Key ways that researchers can include and acknowledge communities would be to include community members who have contributed to the research as co-authors (or be included in the acknowledgment at a minimum). Community partners should have the opportunity to review and provide feedback about the results, which means that researchers must be prepared to share the results with the community at regular intervals before, during, and after the research work is completed. Additionally, researchers should endeavor to compensate community members appropriately, as they would their Western scientific collaborators – meaning allocating grant resources to community members who have been involved and/or to the community. These are discussions that need to take place before research begins. Finally, once the research is completed, ideally, protocols would be in place to govern data management and access for community members, as well as a plan for storing or even returning research materials or samples.

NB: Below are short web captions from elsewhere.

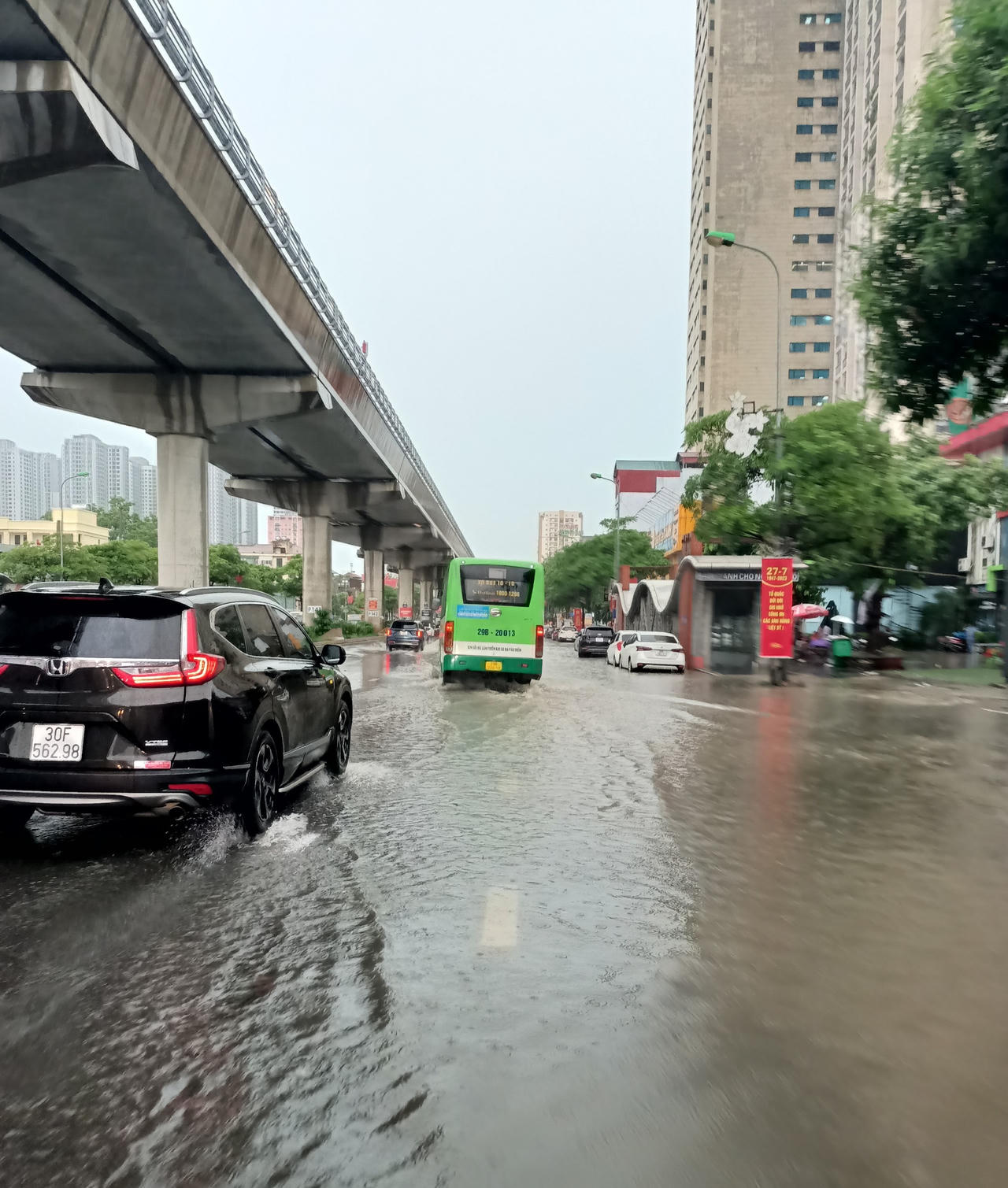 Mưa trắng trời, nhiều tuyến phố ở Hà Nội ngập nặng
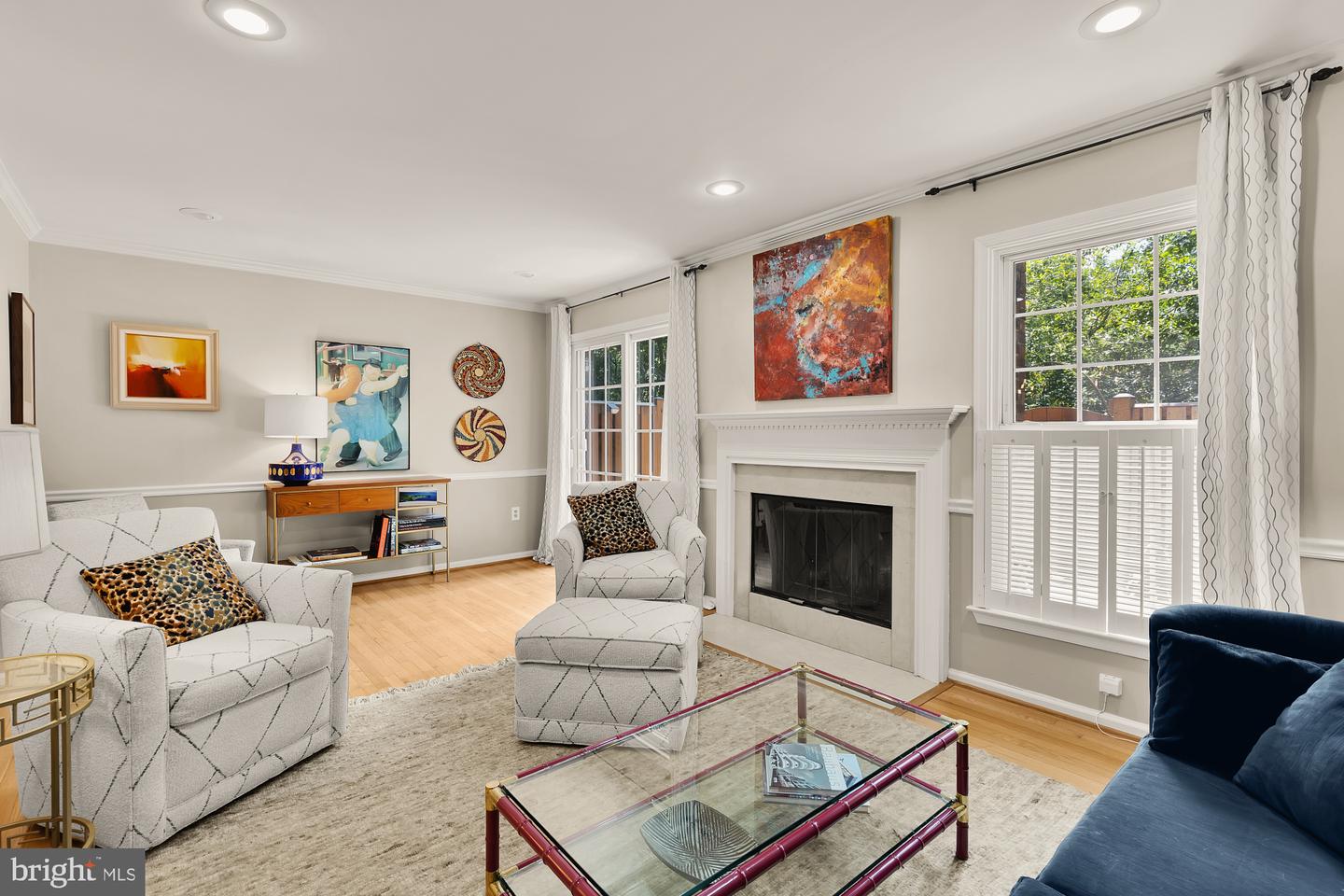 2546 S WALTER REED DR #B, ARLINGTON, Virginia 22206, 3 Bedrooms Bedrooms, ,3 BathroomsBathrooms,Residential,For sale,2546 S WALTER REED DR #B,VAAR2060294 MLS # VAAR2060294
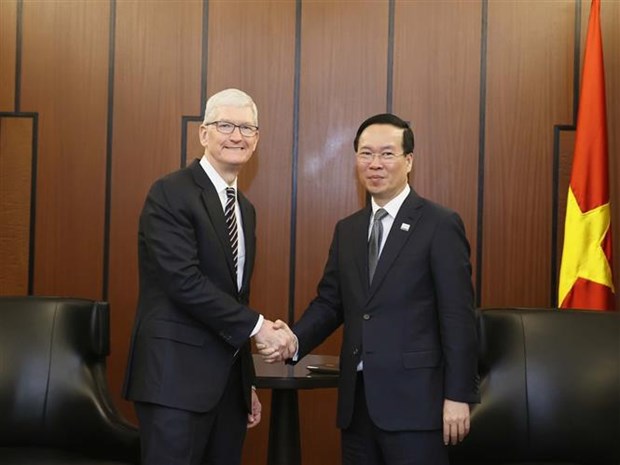 Le president Vo Van Thuong rencontre des dirigeants des groupes Apple et Boeing hinh anh 1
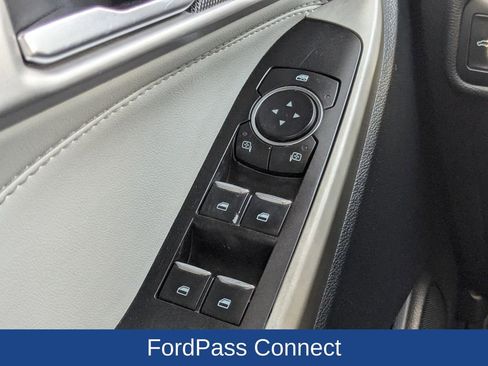 Used 2021 Ford Explorer XLT image 24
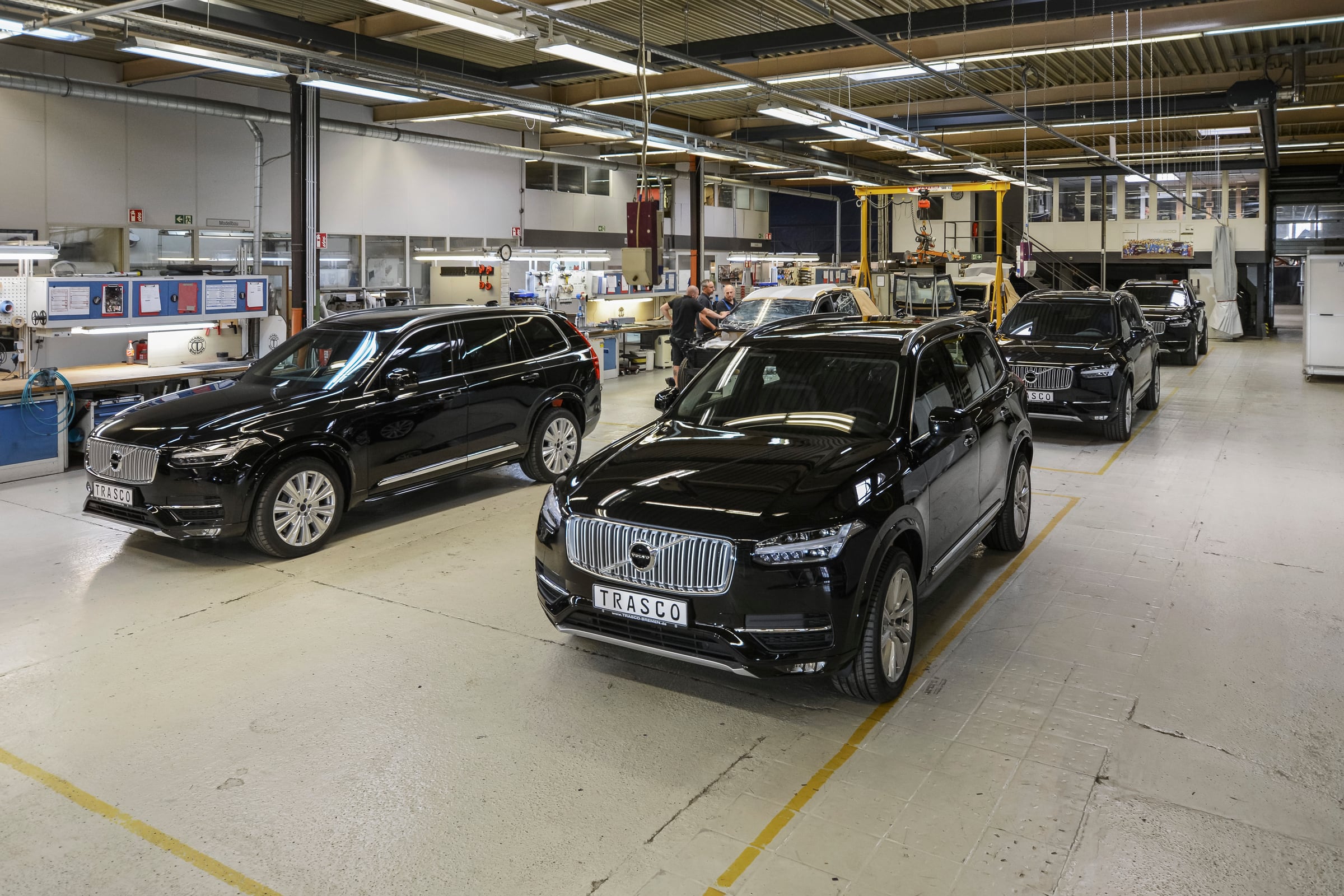 Volvo XC90 blindés terminés dans le hall de production de TRASCO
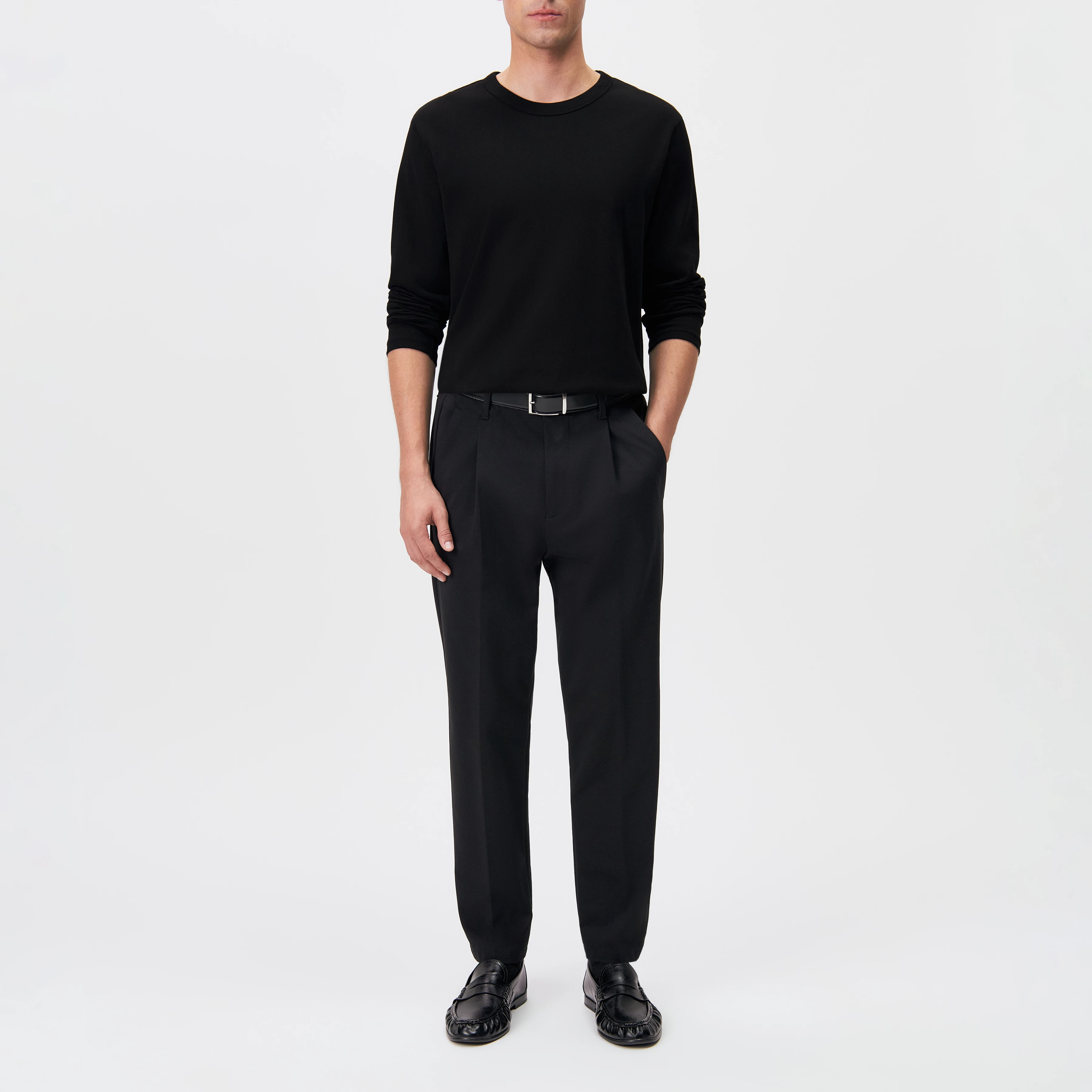 CHASY - Pleated jersey trousers - men - black - Ganzkörper-Frontansicht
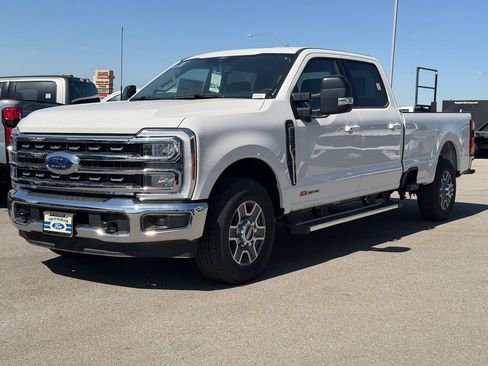 New 2026 Ford F250 Lariat RWD image 4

My goal with the Maile Mentoring Bridge program is to create an environment that supports local Hawaiʻi residents, especially Native Hawaiian/Pacific Islanders, in the geosciences/STEM in the hope that matriculation rates will be at parity with the ethnic diversity of Hawaiʻi. When we have diversity in science, we have diversity of thought, diversity of solutions, and diversity of ways of being. Having scientists who are fluent in different knowledge systems aligns with the expectation that Indigenous scientists will focus their research on questions and problems that are most important to Indigenous communities, but that they will also have unique perspectives on long-standing questions in Western science. Having more Indigenous scientists is just as important for science as it is for Indigenous communities.
In my experience, consistent funding is critical to ensuring that Indigenous scholars complete their undergraduate and graduate degrees. Within the professoriate, funding is equally crucial, particularly funding that supports Indigenous scholarship that increases capacity within Indigenous communities.
Rosanna Alegado was interviewed by Helena Pérez Valle, Associate Features Editor, eLife.